Menurut Fakhrul, kebijakan tersebut justru berisiko memperbesar permintaan dolar di dalam negeri tanpa adanya prospek penerimaan dolar baru yang substansial. Jika tidak ada instrumen kredit atau obligasi dolar yang mampu menyerap likuiditas tersebut, maka pembayaran bunga dolar di masa depan akan semakin membengkak. Inilah yang ia sebut sebagai masalah fundamental: kelangkaan aset dolar.

Fakhrul menambahkan, fenomena pelemahan nilai tukar rupiah hingga menyentuh Rp 16.700 per dolar AS beberapa waktu lalu turut dipicu oleh faktor serupa. “Kita akan butuh lebih banyak dolar di masa depan hanya untuk membayar bunga, sementara sumber devisa riil tidak bertambah,” ujarnya, menyoroti siklus yang dapat memperburuk kondisi mata uang domestik.

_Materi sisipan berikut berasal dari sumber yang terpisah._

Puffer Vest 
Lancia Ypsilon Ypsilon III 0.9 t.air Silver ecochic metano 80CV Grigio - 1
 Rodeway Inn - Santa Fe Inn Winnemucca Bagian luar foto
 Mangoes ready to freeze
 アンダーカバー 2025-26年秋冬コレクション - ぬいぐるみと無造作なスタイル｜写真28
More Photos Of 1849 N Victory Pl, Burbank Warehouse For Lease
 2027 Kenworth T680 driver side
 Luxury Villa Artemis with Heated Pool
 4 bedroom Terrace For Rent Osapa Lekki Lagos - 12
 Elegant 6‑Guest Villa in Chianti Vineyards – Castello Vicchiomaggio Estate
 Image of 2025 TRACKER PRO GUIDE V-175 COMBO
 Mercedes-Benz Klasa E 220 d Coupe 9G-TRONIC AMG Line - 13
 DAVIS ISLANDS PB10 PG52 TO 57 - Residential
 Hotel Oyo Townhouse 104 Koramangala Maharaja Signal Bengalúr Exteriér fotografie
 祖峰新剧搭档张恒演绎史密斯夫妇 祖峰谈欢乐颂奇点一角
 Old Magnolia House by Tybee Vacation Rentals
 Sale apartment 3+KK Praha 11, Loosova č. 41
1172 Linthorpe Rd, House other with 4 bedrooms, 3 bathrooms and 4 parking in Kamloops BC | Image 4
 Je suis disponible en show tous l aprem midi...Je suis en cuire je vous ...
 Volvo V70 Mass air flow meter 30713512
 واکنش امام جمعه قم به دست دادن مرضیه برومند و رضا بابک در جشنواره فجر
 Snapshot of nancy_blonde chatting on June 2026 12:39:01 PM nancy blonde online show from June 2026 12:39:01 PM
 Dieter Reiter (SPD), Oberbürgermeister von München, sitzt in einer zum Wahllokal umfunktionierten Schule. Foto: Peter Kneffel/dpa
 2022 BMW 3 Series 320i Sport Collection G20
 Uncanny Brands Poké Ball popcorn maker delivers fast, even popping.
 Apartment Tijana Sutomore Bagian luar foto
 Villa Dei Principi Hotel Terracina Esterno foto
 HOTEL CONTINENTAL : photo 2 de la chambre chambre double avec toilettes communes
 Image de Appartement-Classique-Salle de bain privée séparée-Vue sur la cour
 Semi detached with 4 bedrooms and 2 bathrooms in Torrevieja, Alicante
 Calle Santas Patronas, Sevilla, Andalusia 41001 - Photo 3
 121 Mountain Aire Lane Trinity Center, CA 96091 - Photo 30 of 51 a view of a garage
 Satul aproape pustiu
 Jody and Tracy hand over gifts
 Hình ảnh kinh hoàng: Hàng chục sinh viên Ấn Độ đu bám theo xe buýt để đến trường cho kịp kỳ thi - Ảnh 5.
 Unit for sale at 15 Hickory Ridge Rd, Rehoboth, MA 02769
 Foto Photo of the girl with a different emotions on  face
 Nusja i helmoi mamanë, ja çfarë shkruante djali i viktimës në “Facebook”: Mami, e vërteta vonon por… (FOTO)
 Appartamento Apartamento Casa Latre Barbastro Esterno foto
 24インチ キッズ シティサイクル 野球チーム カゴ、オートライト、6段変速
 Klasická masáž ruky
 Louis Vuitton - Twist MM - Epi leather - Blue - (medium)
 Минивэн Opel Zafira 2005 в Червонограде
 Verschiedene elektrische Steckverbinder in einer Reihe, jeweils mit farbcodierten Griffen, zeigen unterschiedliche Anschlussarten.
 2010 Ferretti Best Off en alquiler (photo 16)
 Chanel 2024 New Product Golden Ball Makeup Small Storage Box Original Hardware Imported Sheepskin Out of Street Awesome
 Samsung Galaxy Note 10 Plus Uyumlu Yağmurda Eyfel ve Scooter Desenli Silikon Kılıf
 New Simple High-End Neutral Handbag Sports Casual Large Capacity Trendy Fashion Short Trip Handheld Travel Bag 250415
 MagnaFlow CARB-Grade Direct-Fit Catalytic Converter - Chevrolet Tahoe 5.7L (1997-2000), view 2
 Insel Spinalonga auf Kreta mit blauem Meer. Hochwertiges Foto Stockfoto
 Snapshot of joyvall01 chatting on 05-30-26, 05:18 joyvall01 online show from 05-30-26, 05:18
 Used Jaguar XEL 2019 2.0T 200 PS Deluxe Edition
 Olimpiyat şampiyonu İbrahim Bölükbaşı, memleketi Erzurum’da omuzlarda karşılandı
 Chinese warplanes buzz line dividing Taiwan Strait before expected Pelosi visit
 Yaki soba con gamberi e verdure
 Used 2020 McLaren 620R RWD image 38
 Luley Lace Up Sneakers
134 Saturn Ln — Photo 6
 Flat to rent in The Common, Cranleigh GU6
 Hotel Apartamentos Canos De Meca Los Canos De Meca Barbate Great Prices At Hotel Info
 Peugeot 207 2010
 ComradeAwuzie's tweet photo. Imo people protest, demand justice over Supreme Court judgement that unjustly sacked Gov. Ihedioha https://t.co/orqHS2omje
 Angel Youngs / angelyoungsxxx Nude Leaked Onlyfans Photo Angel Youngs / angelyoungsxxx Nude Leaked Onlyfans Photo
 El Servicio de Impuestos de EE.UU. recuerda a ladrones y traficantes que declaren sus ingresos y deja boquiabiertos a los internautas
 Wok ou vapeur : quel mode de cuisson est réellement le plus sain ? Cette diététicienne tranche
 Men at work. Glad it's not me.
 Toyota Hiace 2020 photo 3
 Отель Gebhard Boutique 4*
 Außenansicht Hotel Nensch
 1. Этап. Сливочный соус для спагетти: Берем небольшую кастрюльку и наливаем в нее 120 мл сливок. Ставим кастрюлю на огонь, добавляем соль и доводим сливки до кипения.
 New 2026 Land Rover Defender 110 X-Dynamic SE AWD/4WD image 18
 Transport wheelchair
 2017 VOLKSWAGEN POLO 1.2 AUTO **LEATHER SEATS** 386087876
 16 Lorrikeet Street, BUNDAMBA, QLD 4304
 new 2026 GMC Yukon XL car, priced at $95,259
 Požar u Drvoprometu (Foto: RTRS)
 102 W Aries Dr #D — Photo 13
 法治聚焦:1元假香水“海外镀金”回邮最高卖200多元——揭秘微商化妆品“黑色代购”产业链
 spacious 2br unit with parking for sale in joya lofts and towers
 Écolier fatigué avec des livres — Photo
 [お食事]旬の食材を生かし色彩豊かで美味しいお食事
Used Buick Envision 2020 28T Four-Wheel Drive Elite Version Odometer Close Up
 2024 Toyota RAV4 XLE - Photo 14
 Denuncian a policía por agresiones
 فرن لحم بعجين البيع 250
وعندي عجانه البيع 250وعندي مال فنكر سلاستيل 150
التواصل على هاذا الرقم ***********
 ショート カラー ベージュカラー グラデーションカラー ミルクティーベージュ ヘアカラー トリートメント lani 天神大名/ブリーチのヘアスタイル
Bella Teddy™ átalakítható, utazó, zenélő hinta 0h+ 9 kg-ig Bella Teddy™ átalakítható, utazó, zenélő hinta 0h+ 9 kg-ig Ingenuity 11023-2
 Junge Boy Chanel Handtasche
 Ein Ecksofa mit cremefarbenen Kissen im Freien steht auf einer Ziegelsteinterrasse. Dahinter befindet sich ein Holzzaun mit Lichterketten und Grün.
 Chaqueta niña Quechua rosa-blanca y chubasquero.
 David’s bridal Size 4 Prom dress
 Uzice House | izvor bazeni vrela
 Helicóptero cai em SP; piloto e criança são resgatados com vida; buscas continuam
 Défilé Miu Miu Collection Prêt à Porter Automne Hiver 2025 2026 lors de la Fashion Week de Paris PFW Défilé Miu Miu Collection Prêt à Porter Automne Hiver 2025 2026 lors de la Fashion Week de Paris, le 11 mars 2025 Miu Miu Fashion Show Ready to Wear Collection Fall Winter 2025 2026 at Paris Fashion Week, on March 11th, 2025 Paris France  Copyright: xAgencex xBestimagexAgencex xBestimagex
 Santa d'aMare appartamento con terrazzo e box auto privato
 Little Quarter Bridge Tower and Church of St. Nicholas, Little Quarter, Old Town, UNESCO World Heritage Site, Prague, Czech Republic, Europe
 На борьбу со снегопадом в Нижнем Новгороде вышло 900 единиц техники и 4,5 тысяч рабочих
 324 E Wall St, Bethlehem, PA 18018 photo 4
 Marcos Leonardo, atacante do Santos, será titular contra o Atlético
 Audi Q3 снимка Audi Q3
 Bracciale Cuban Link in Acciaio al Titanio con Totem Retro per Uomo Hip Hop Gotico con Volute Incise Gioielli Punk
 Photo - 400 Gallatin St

Untuk mengatasi tantangan ini secara strategis, Fakhrul menekankan urgensi penciptaan instrumen dolar yang produktif. Ia menyarankan beberapa opsi, seperti penerbitan obligasi dolar oleh Badan Usaha Milik Negara (BUMN) besar seperti Pertamina atau PLN, atau obligasi pemerintah berdenominasi dolar (sering disebut INDON) untuk menyerap likuiditas yang ada. Alternatif lain adalah mengarahkan bank-bank Himbara untuk memperluas pembiayaan ekspor atau bahkan membuka cabang di luar negeri guna menyalurkan dana dolar yang mereka kumpulkan.

Ia mencontohkan, dalam beberapa tahun terakhir, tren perusahaan domestik justru lebih banyak menerbitkan obligasi rupiah karena biaya swap yang murah, menyebabkan pasar kehilangan instrumen berbasis dolar yang krusial. Padahal, keberadaan pinjaman, obligasi, atau instrumen lindung nilai (hedging) dalam dolar sangat vital untuk menjaga keseimbangan dan stabilitas sistem keuangan nasional.

Apabila kelebihan likuiditas dolar yang masuk dapat disalurkan secara efektif melalui obligasi atau pinjaman baru yang produktif, dampaknya akan sangat positif. “Rupiah bukan hanya stabil, tapi berpotensi menguat kembali ke kisaran Rp16.000 atau lebih kuat. Karena ada mesin penerimaan devisa baru yang nyata,” pungkasnya, menunjukkan potensi penguatan ekonomi riil.

Fakhrul menegaskan bahwa kebijakan valuta asing tidak cukup hanya berfokus pada bunga deposito semata. “Pada akhirnya, kebijakan dolar adalah cermin dari kemampuan kita menyediakan aset produktif dalam mata uang yang paling diperebutkan dunia. Tanpa itu, setiap tambahan likuiditas dolar hanya menjadi beban bunga, bukan peluang pertumbuhan,” tandasnya dengan tegas.

Ia menutup dengan penekanan bahwa tantangan utama bukanlah sekadar menarik dolar masuk, melainkan memastikan penggunaannya secara produktif. “Jika berhasil, inflow tidak lagi sekadar liability, melainkan mesin kedaulatan ekonomi. Dan di titik itulah rupiah bisa berdiri lebih tegak,” tutupnya, memberikan visi jangka panjang bagi penguatan nilai tukar rupiah dan kemandirian ekonomi Indonesia.